Wednesday, October 19, 2011

Diet Update - Swallowing the Bitter Pill

Okay, it's more like swallowing the "digestive bitters" and about 30 pills a day. Ugh.

Just thought I'd share my supplements with you guys - in an effort to help you understand all this diet entails. As you can see, I am taking a little bit of everything, for a little bit of everything. People keep asking me if I think the diet is helping... but I can't figure out if it's the diet or all these pills!

I will say that the symptoms I struggled with before are gone (praise God!) but they've been replaced with "die off symptoms" from the parasites and yeast so I can't say I feel that much better. Until the exhaustion, achyness, stomach issues, and skin issues (apparently your skin is affected first when your body is flushing toxins out of its system) go away, I don't think I'm going to feel that much better. And until my other issues are resolved (which I talk about later in this post) and I am able to eat somewhat "normally" again - I won't feel like this was a success. My quality of life has got to improve before I can say this was "worth it".



I take a handful of pills 2 or 3 times a day, every day. Here's the rough part - I HATE swallowing pills. I didn't actually learn to swallow pills until I was about 14 - and as an adult I still gag almost every time I have to swallow them. So, between forcing down food I don't really like at every meal, and swallowing a bunch of pills that make me gag - I don't really enjoy lunch or dinnertime anymore.

There's also this disgusting liquid stuff called "digestive bitters" that are supposed to help with digestion. Not only is it super bitter - but the taste stays in your mouth for several minutes even after drinking water. BLECH!

My favorite "means of torture" though - are these little vials...



They're a homeopathic prescription for Candida Albicans. The ingredients are - Candida Albicans, Demineralized water, and Ethanol. Yes, I said ETHANOL! (Isn't that what they put in gasoline?!) Every 3 days I have to pour a vial under my tongue and hold it there for 1 full minute before swallowing. It burns like FIRE, and breathing with it in my mouth is like breathing in a bottle of liquor. Rusty says I smell like I've been taking shots once I get it down. It is super disgusting, and as an added bonus it makes me sick for 1 to 2 days after I take it, each time I take it (fun, fun, fun!)

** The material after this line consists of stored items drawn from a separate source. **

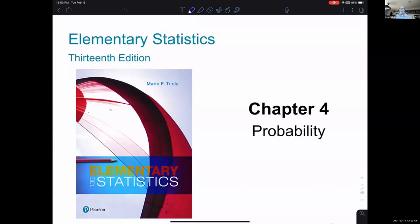Welcome to the beginning of chapter four. Chapter four, as we can see on the slide here, is all about probability. Probability is a pretty big concept — it is not a concept that is just for statistics, it's for all kinds of different fields. But the work we're going to do after chapter four in statistics relies heavily on the ideas of probability.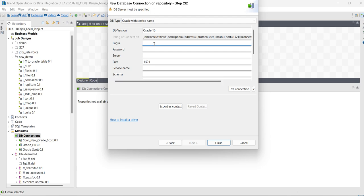For login, provide the user. User is Scott. Then provide the password, then server.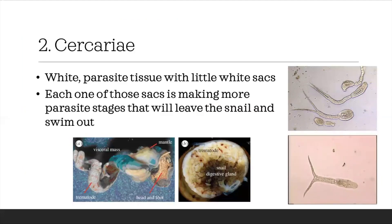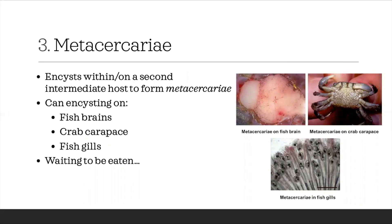Cercariae is basically the next stage of the trematode life cycle. What it does is that it encysts within a second intermediate host to form metacercariae, which we see here. Metacercariae would essentially encyst on the other types of variety of organisms that we talked about in the beginning summary, where you can have encysting on fish brain, crabs, and fish gills. Essentially, that is where they're trying to get the definitive host, which is the bird, to eat these smaller animals like fish and crabs so that they can end up in the definitive host where they can reproduce sexually.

But the worst part of all this, is what is missing. If you've read my last few blogs, then you know that on top of being diagnosed with Candida overgrowth (yeast) in my intestines, tissues and bloodstream AND a gluten and dairy intolerance AND parasites - I was also diagnosed with a seratonin deficiency AND adrenal fatigue. For those of you who don't know what that means - the seratonin deficiency can cause sleep issues and depression, and the adrenal fatigue can cause mood swings, angry outbursts, depression, feelings of emptyness, severe fatigue, mental fog/memory problems, decreased ability to handle stress, and the list goes on and on and on.

I've actually been diagnosed with this issue before, but I didn't realize the full affect of it (I was told it just made me tired). I was so thankful to have an explanation for the way I'd been feeling the past couple of years! I just knew that my emotional state was not "normal" for me. It had gotten bad enough that I'd started telling Rusty that I felt like something was wrong. I cried much more than I should - but tried to blame it on "homesickness" because we were living in Michigan. I was exhausted all the time, but thought it was just the cloudy weather up north. I felt overwhelmed and inadequate on a regular basis. Our Thailand trip was really a "red flag",  because I struggled to feel excited about things that would normally THRILL me in the past. I just kept telling Rusty, "Emotionally, I don't feel like myself. I feel empty... too even-kill." Many days, I felt like I was just "going through the motions".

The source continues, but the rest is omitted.